Food advice has never been louder.

One week it’s high-protein everything. The next it’s seed oils. Then it’s fasting, gut hacks, biohacking, cutting carbs, counting macros.

Scroll through social media for five minutes and it can feel like every ingredient is either a miracle or a mistake.

It’s no wonder so many people feel overwhelmed.

But when you strip away the noise, food doesn’t have to be complicated.

The Shift Back to Simplicity

There’s a quiet shift happening in food culture. Less obsession with optimisation. More focus on simplicity. Fewer extremes. More whole foods.

It’s not about chasing perfection or cutting entire food groups. It’s about asking simple questions:

  • What’s in this?
  • Do I recognise these ingredients?
  • Does this feel like real food?

That’s often enough. The goal isn’t control. It’s awareness.

A variety of fermented foods displayed on a white background. The image features a glass jar of sauerkraut, a dish of kimchi, green olives in a wooden bowl, frozen green peas in another wooden bowl, a glass of milk kefir, pickles in a jar, dark chocolate squares, and a jar of red fermented vegetables, possibly beet kraut. The arrangement showcases different types of fermented foods and beverages, along with a few non-fermented items like peas and chocolate.

Ultra-Processed Foods and Why Ingredient Lists Matter

Ultra-processed foods have become a bigger part of the public conversation in recent years. These are foods that go beyond simple processing and contain ingredients you wouldn’t typically use at home, emulsifiers, flavour enhancers, stabilisers, artificial sweeteners, colourings, and long ingredient lists.
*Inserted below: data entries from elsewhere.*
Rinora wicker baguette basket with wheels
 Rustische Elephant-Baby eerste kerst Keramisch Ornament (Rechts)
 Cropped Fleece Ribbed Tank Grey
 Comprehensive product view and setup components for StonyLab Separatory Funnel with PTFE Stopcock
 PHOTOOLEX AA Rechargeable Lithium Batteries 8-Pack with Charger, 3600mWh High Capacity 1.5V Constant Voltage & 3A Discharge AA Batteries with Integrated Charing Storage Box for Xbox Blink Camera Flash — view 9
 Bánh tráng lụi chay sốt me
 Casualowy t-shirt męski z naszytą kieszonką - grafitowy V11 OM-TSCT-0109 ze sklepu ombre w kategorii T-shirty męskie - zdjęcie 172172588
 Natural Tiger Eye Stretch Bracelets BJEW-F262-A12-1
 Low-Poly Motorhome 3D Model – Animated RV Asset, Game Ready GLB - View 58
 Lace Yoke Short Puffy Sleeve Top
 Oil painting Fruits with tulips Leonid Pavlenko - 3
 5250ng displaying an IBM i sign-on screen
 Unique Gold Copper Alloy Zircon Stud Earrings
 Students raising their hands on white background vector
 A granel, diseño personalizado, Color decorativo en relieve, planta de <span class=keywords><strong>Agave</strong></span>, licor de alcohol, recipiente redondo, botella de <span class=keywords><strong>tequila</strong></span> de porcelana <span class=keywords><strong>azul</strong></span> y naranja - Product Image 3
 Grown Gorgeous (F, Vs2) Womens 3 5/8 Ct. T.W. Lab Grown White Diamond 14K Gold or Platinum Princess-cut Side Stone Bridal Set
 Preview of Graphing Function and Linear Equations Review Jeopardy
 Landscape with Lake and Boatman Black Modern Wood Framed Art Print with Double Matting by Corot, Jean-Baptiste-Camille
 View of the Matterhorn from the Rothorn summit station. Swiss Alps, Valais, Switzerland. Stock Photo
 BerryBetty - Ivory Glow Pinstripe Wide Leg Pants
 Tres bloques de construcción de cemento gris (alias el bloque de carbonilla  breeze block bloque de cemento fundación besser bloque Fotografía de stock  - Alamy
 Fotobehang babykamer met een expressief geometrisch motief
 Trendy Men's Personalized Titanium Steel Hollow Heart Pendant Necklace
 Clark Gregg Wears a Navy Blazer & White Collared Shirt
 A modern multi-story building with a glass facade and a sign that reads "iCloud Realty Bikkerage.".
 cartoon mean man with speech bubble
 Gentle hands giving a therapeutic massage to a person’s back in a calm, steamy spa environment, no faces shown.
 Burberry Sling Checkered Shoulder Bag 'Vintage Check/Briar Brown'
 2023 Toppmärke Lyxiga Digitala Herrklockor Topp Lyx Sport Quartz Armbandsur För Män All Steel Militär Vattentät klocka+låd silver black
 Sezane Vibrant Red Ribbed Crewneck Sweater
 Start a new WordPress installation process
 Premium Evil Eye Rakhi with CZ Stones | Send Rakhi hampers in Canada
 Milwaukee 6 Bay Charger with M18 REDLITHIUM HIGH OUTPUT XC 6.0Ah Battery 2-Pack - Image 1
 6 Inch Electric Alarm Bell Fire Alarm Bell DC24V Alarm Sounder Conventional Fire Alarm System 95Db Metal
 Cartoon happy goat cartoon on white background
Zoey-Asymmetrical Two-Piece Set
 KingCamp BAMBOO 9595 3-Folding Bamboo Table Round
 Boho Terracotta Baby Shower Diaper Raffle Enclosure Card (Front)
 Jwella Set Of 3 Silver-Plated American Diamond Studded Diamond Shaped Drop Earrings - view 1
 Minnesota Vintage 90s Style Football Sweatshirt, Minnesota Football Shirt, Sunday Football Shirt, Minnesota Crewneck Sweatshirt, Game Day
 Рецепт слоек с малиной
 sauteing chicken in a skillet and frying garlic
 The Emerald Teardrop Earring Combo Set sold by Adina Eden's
Processing itself isn’t the problem. Bread is processed. Yoghurt is processed. Cheese is processed.

The concern tends to centre around foods that are heavily engineered for shelf life and hyper-palatability, often with layers of additives designed to make them more convenient, more uniform, and harder to put down.

Often, the foods with the shortest, most recognisable ingredient lists are the ones that feel most grounding. Real ingredients. Minimal interference. Nothing unnecessary.

It’s not about eliminating everything that comes in packaging. It’s about understanding what you’re choosing and why.

Fermented Foods: Old Traditions, Modern Relevance

Long before we had fridges, supplements, or supermarket shelves lined with functional claims, fermentation was simply a way of preserving food.

  • Milk became kefir.
  • Cabbage became sauerkraut.
  • Tea became kombucha.

Fermented foods weren’t trends. They were everyday staples in cultures across the world.

What makes traditionally made kefir unique is the way it’s produced. Real kefir is made using live kefir grains, a symbiotic culture of bacteria and yeasts that naturally ferment milk. It’s not a powder stirred into milk. It’s a living process. The result is a tangy, naturally fizzy drink that continues to evolve with each batch. The microbial diversity shifts with the seasons, something we explored in more depth in our blog on the DNA of Kerry Kefir.

It’s not about labelling anything as a miracle food. It’s about recognising that traditional methods often have a depth and integrity that industrial shortcuts can’t replicate.

Less Optimisation, More Variety

For a long time, food conversations were dominated by numbers. Calories. Macros. Protein grams. Billions of bacteria.

Now the conversation is slowly shifting toward diversity:

  • More colours on your plate.
  • More fibre.
  • More whole foods.
  • More variety.
  • Aiming for around 25 grams of fibre per day is a simple benchmark that supports overall gut function.
  • Including fruit, vegetables, legumes, nuts, seeds, and fermented foods creates a diet that feels rich rather than restrictive.

It doesn’t require expensive powders or complicated rules. It just requires consistency.

What This Looks Like in Real Life

It might look like:

  • Choosing wholemeal bread over ultra-refined options
  • Adding a spoonful of something fermented to your day
  • Cooking at home a little more often
  • Checking ingredient lists before you buy

Not perfectly. Just intentionally.

Food doesn’t have to be a project. It doesn’t have to be moral. It doesn’t have to be optimised. It just has to be real enough. And maybe that’s the most refreshing shift of all.